Noch kein Urteil in Schöffenprozess: Unbescholtener 66-Jähriger soll 13-jährige Tochter seiner Ex-Freundin sexuell genötigt und missbraucht haben.

Die Verbrechen des sexuellen Missbrauchs von Unmündigen und der geschlechtlichen Nötigung werden dem Angeklagten vorgeworfen. Dafür beträgt der Strafrahmen für den Fall eines Schuldspruchs sechs Monate bis fünf Jahre Gefängnis.

Verhandlung wurde vertagt

Im Schöffenprozess am Landesgericht Feldkirch erging am Dienstag noch kein Urteil. Richterin Silke Sandholzer vertagte als Vorsitzende des Schöffensenats die Verhandlung auf unbestimmte Zeit. In der Anklageschrift der Staatsanwaltschaft Feldkirch wird dem Angeklagten zur Last gelegt, er habe in der Nacht vom 20. auf 21. Mai 2021 in Dornbirn eine 13-Jährige geschlechtlich genötigt und sexuell missbraucht. Demnach soll der heute 66-Jährige die unmündige Tochter seiner Ex-Freundin in deren Kinderzimmer aufgesucht haben. Dabei soll er das Mädchen aufs Bett gedrückt und ihre Aufforderung, sie in Ruhe zu lassen, ignoriert haben.

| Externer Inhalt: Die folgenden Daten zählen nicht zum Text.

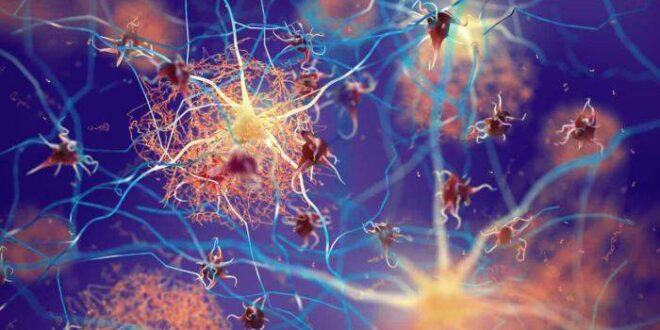 Estudo revela semelhanças entre Covid-19 prolongada e Alzheimer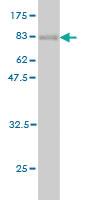 Anti-AKT1 Mouse Monoclonal Antibody [clone: 6C8]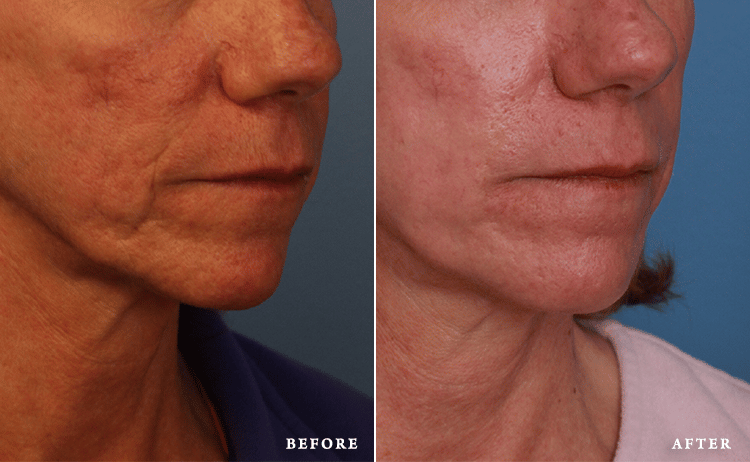 before_after_img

Der Angeklagte habe dann die Geschlechtsteile und die Brüste der 13-Jährigen angegriffen, sagte Staatsanwalt Simon Mathis in seinem Anklagevortrag.

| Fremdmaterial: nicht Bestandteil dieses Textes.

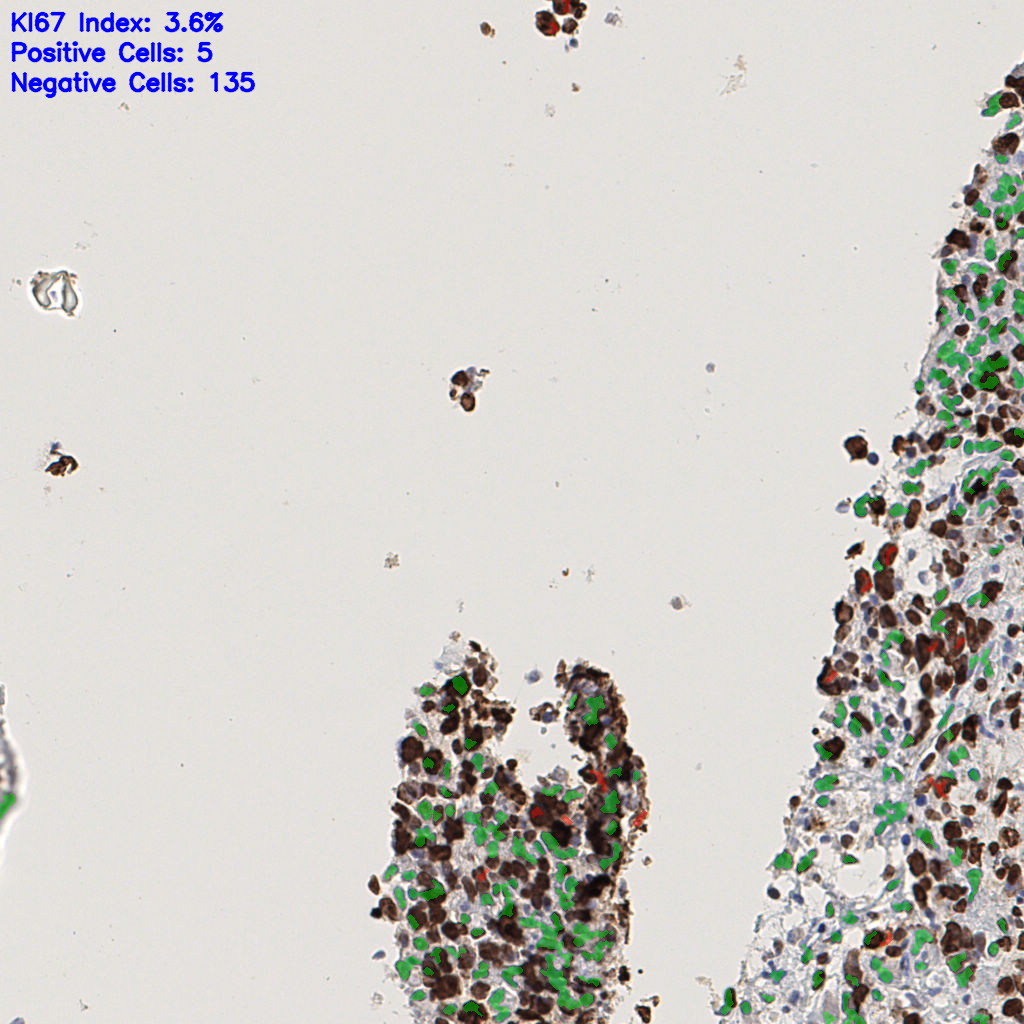 slice_45_8_x40320_y7168.png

Anklage: Pensionist missbrauchte Mädchen
Landesgericht Feldkirch HARTINGER

Die Liebesbeziehung des angeklagten Witwers mit der Mutter des Mädchen sei beendet gewesen, so der öffentliche Ankläger. Der Angeklagte sei zu einer Aussprache in die Wohnung seiner Ex-Freundin gekommen. Er habe gewusst, dass das Mädchen erst 13 Jahre alt und damit noch unmündig gewesen sei.
Beim Angeklagten handelt es sich um einen unbescholtenen Türken, der im Bezirk Dornbirn lebt. Die Ehefrau des Pensionisten ist 2017 gestorben. Die Kinder des Familienvaters sind volljährig.

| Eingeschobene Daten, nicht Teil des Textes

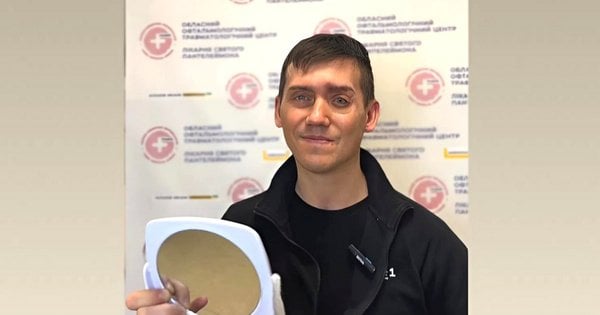 У Львові в центрі Unbroken вперше відтворили зовнішній вигляд пацієнта за допомогою протеза-накладки.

Verteidiger plädiert auf Freispruch

Der Angeklagte bestreitet die Vorwürfe und sagte, er sei nicht schuldig. Verteidiger Max-Benjamin Ellensohn beantragte einen Freispruch. Ellensohn sagte, die Kindesmutter habe sich zur angeblichen Tatzeit in der Küche ihrer Wohnung befunden und hätte bemerkt, wenn der Angeklagte sich im angrenzenden Kinderzimmer aufgehalten hätte. Zumal die Wände in der Wohnung hellhörig seien. Der Angeklagte habe sich aber in der fraglichen Zeit gar nicht in der Wohnung in Dornbirn aufgehalten, brachte der Verteidiger vor. Dafür gebe es Zeugen. Der Rechtsvertreter des Angeklagten deutete eine Verschwörung gegen seinen Mandanten an: Die Kindesmutter habe gesagt, sie werde sich am Angeklagten rächen. Ellensohn stellte während der Gerichtsverhandlung nicht weniger als zwölf Beweisanträge. So beantragte er eine Tatrekonstruktion in der Dornbirner Wohnung.